Photodynamic therapy (PDT) is a treatment for superficial tumours involving the administration of a photosensitiser followed by irradiation.

The potential of the natural anthraquinone parietin (PTN) in PDT is still relatively unexploited. In the present work, PTN isolated from the lichen Teoloschistes nodulifer (Nyl.) Hillman (Telochistaceae) was evaluated as a potential photosensitiser on tumour cells employing UVA-Vis and blue light.

Blue light of 2 J/cm² induced 50% death of K562 leukaemic cells treated 1 h with 30 μM PTN (Protocol a). Higher light doses (8 J/cm²) were needed to achieve the same percentage of cell death employing lower PTN concentrations (3 μM) and higher exposure times (24 h) (Protocol b). Cell cycle analysis after both protocols of PTN-PDT revealed a high percentage of sub-G1 cells. PTN was found to be taken up by K562 cells mainly by passive diffusion.

Other tumour cells such as ovary cancer IGROV-1 and LM2 mammary carcinoma, as well as the normal keratinocytes HaCaT, were also photosensitised with PTN-PDT.

We conclude that PTN is a promising photosensitiser for PDT of superficial malignancies and purging of leukaemic cells, when illuminated with blue light. Thus, this light wavelength is proposed to replace the Vis-UVA lamps generally employed for the photosensitisation of anthraquinones.

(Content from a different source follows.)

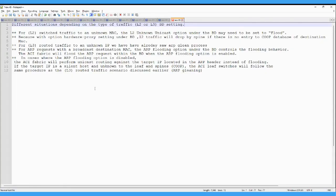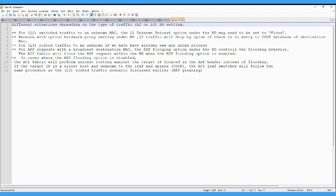And these are the few traffic situations which depend on the L2 L3 traffic under the BD setting. So we have for the L2 switch traffic where the destination is unknown MAC. If leaf does not have an entry for the destination MAC, in the case of L2 unknown unicast option, the BD may need to be set to flood. Because with the option of hardware proxy setting under the BD setting, L2 traffic will be dropped by the spine if there is no entry for the destination MAC in the database.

光动力疗法（PDT）是一种浅表肿瘤的治疗方法，包括先给予光敏剂再进行照射。

PDT中天然蒽醌类磷脂（PTN）的潜力仍未得到开发。在当前的工作中，使用UVA-Vis和蓝光评估了从地衣Teoloschistes nodulifer（Nyl。）Hillman（Telochistaceae）分离的PTN作为对肿瘤细胞的潜在光敏剂。

2 J / cm ^2的蓝光诱导用30μMPTN（协议a）处理1 h的K562白血病细胞死亡50％。使用较低的PTN浓度（3μM）和较高的曝光时间（24 h），需要更高的光剂量（8 J / cm ²）才能达到相同的细胞死亡百分比（协议b）。两种PTN-PDT方案后的细胞周期分析均显示亚G1细胞百分比较高。发现PTN主要通过被动扩散被K562细胞吸收。

其他肿瘤细胞，例如卵巢癌IGROV-1和LM2乳腺癌，以及正常的角质形成细胞HaCaT，也用PTN-PDT光敏化。

我们得出的结论是，当用蓝光照射时，PTN是一种有前景的光敏剂，可用于浅表恶性肿瘤的PDT和清除白血病细胞。因此，提出了该光波长以代替通常用于蒽醌的光敏化的Vis-UVA灯。